Acoustic design of concert hall and subjective preference


For the evaluation of sound quality in the concert hall, Ando (1985) proposed four important acoustic parameters.
  • LL: Sound level
  • Dt1: Initial time delay gap
  • Tsub: Reverberation time
  • IACC: Inter-aural cross-correlation coefficient

Ando also proposed that the concert hall should be designed so as to maximize the subjective preference at each seat.

Calculation of the subjective preference

Subjective preference of the audience is tested by the listening test (see Sound Preference Audition Room) for the acoustic parameters listed above. The important point here is that listener's sensitivity for each parameter is also calculated from a preference function in addition to the preference score. The total preference score is found as a weighted sum of each score. 

To calculate a listener's preference score at certain seat, the acoustic properties at that seat should be measured before. Impulse response measurement of the Realtime analyzer enables to measure the acoustic parameters.

Preference theory and concert hall design

Previous studies found a calculation method of an average preference value from the acoustic properties of a hall and the type of the music to be performed there. Now, by this method, the preference score of each seat can be calculated from the computer simulation in the design stage of a hall. It is possible to select the form from which the best score is obtained in the total of the comprehensive preference score of all seats. 

Moreover, it is necessary to design so that not only a listener but also conductor and players on a stage may be satisfied. Such research is also progressing.

For designers

Relationship between the music to be performed and the optimal reverberation time
Reverberation time changes the quality of the sound in a room. If the reverberation time is too short, the sound will vanish almost instantaneously. If the reverberation time is too long, on the other hand, echoes will take place. Usually, acoustical engineers design rooms to achieve a typical reverberation time between one and two seconds. However, this standard is a too rough estimation. It is recognized that the optimal reverberation is much dependent on the kind of the music to be performed. For example, performance of the pipe organ needs more than four seconds of the reverberation, whereas two-second reverberation is suitable for the typical orchestra music. On the other hand, such a reverberation time is too long for speech intelligibility.

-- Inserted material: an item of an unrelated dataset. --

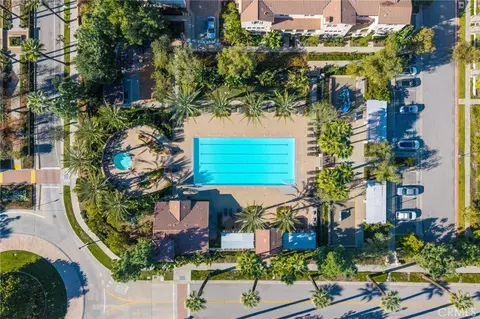 Exterior - 827 E Promenade #E, Azusa, CA 91702 photo 8 of 9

Before the design starts, the purpose of the hall or the kind of performance should be clarified. Next, the physical characteristics of the music should be analyzed. It is found that the property that decides the optimal reverberation time is the reverberation component contained in the sound itself. For example, a sound of a pipe organ contains long reverberation. So the much longer room reverberation is needed to blend with music. On the other hand, speech signal does not contain the reverberation, so the same reverberation time as for music causes undesirable echo. The analysis by the autocorrelation function is effective to characterize such a reverberation component contained in the signal. Optimal reverberation time can be estimated from the effective duration of the autocorrelation function, which is called te. See this page for detail.

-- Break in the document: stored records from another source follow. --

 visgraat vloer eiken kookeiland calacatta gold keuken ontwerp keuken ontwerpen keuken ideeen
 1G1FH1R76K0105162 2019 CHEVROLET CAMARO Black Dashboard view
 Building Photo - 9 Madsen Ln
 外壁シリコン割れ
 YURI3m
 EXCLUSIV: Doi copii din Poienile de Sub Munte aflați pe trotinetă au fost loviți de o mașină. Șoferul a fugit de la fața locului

IACC and spatial impression
Another important factor that decide the sound quality in the concert hall is a spatial impression such as a feeling of a spread or a spatial envelopment. Such spatial impressions are largely decided by the inter-aural-cross-correlation (IACC). Psychological experiment revealed that the smaller the value of IACC, the more we get a feeling of a spread for sound field and more preference. To decrease IACC, it is needed to inhibit the strong reflection from the ceiling and to control the angle of the lateral reflection. When the reflection from the sidewall increases, the sound arriving at each ear becomes different. As a result, the sound gives a feeling of a spread in the space. Moreover, in order to make IACC small at the seat of the center of a hall, it is very effective to make a form of the hall asymmetrical.

For musicians

It is also important that musicians use a concert hall correctly in order to improve the quality of their performance.

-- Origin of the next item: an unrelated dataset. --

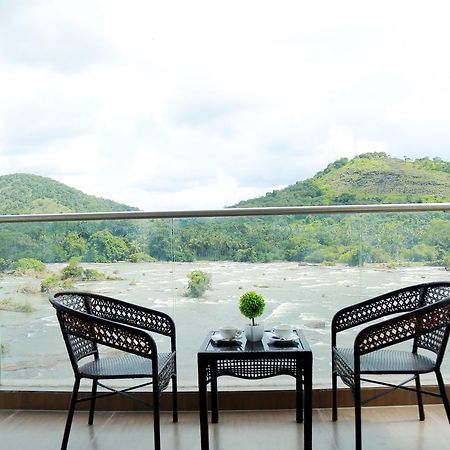 Athirapilly River Resort Athirappilly 外观 照片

(1) Select a music suitable for the concert hall. One of the important criteria is te of the music. This parameter represents the length of the reverberation components within the music signal, and can be calculated by means of the running ACF analysis.

(2) Select a performance position on the stage that makes musician easy to perform and that improves listeners' preference.

For hall managers

Even if a hall is designed based on the preference theory, the sound quality is different for every seat position. For example, at front seat a sound is loud, but at rear seat a sound becomes weak. Delay time of the first reflection becomes short near a sidewall.

The listener's preference is different one by one. A listener may sit on an extremely uncongenial seat, if a seat is chosen arbitrary. If a suitable seat can be introduced to every listener, on the contrary, it will become the same as having built the perfect hall for all listeners. That means the variation of the sound quality of a hall can be covered considerably.